Jephthai wrote: "So I've been dutifully working on dry-firing exercises at home. I'm also looking at building a "training plan". Seems when I get to the range, I forget all the things I was planning on working on. So I'm trying to take notes when I think of something I need to train."
Just a few quick notes for you, Jephthai, . . .
1) regardless of how deep or shallow, how much or how little you train, . . . when the stuff is dripping off the fan, . . . you will react exactly as you have trained. Everyone does, . . . period.
Therefore:
2) practice those things that have the higher percentage of need: and in the natural order of things, that would be, . . .
Unholstering: I saw a guy once spend 3 full minutes trying vainly to dislodge his S&W .45 from an Uncle Mike's IWB holster. You won't live long enough in a fire fight like that. Practice getting that thing from safe and tucked away out of sight, . . . to up, safety off and taking up the slack in the trigger.
Acquiring the target: practice in normal daylight if you are "out and about" mostly in the day, . . . put your sunglasses on at the indoor range to simulate some degree of night time or twilight.
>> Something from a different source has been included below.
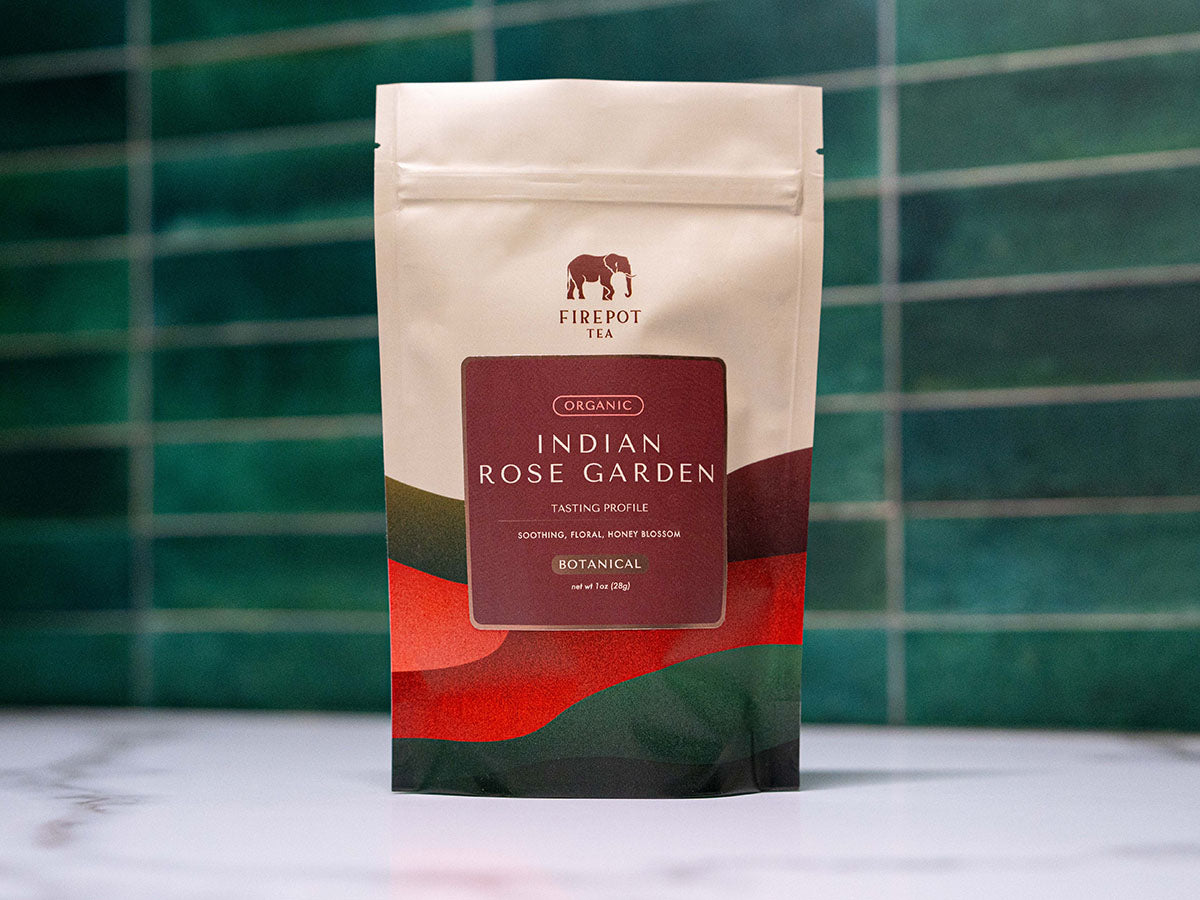 1oz bag of Indian Rose Garden tea from Firepot Tea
Remember: hitting the target with one .22 rimfire beats even 6 close misses from a .454 Casull.
Stance: where are you most likely to need it??? If you say Wally World parking lot, . . . practice getting behind a car, . . . Mr. Weaver won't care that you used the Ford stance to better protect yourself.
Hand: most of your practice should be your strong hand, . . . but the muscle memory built into the weak hand won't cross breed with the muscle memory in the strong hand. They'll remain indigent to their respective locations.
Clearing malfunctions: know what to do, . . . and practice doing it. Put a dummy round into your pocket with some loose rounds, . . . load a mag without noticing where it is, . . . practice clearing that "misfire". Load up several mags, . . . but make a couple of them "short" by 4 or 5 rounds, . . . and dont look at em as you shoot em, . . . train your hands to clear and reload that weapon with your eyes still on the bg, . . . target, . . . whatever your shot focus is.
The idea is to practice what MAY HAPPEN so that when it does, . . . you won't have to appoint some committee of hands, arms, fingers and ears to sit down and figure out, . . . duhhhhh, what'll we do now coach???????
Again, . . . you will react exactly under duress, . . . as you have trained for duress.